* _Provided material_

== Segment start ==

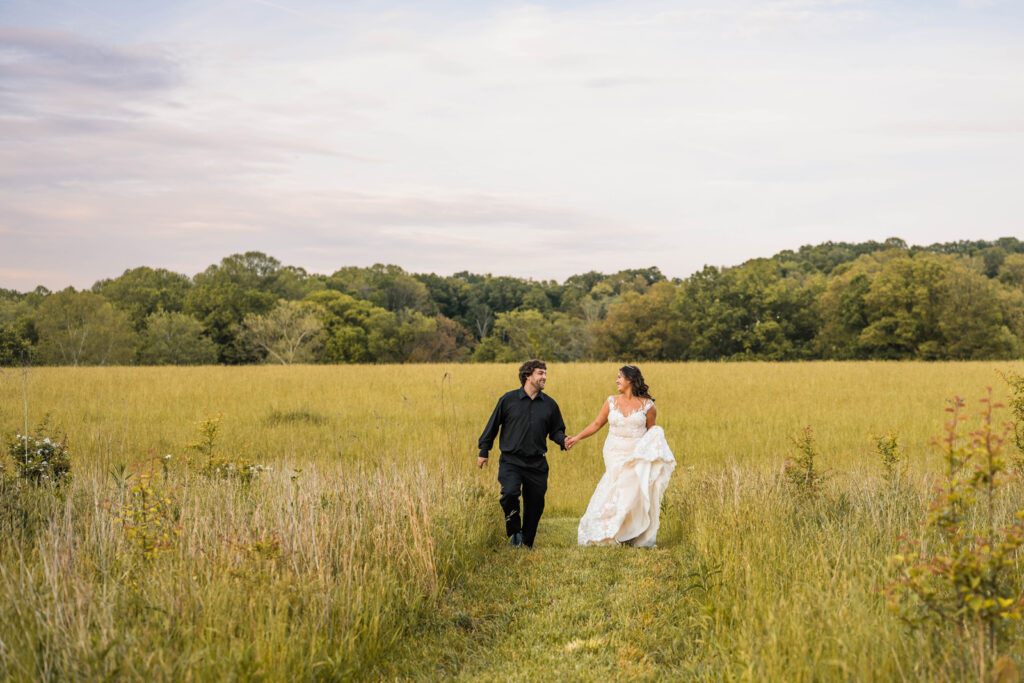 Bride and groom running through a field holding hands.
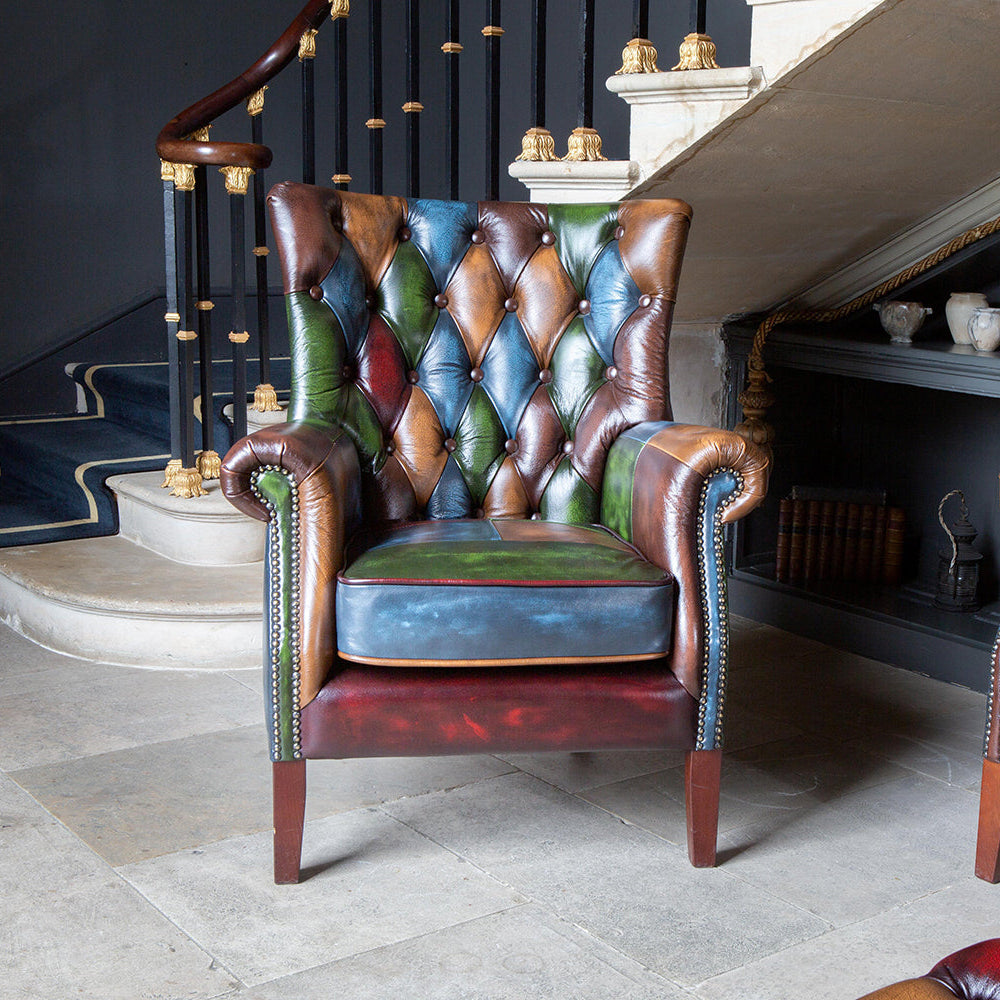 Vintage Sofa Company Bowes Rub-Off Leather Patchwork Chair features a high back rest with diamond buttoning, scrolled arms, brass stud detailing and dark wooden legs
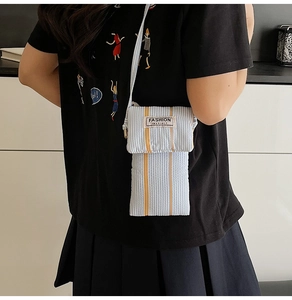 Close-up of blue and white striped crossbody phone bag with yellow vertical lines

== Segment end ==

* _Exercise_
Please write out the lines above exactly, from the one that contains "Vintage Sofa Company" through the final line, and include none of the pictures.

* _Solved problem_
 Vintage Sofa Company Bowes Rub-Off Leather Patchwork Chair features a high back rest with diamond buttoning, scrolled arms, brass stud detailing and dark wooden legs
 Close-up of blue and white striped crossbody phone bag with yellow vertical lines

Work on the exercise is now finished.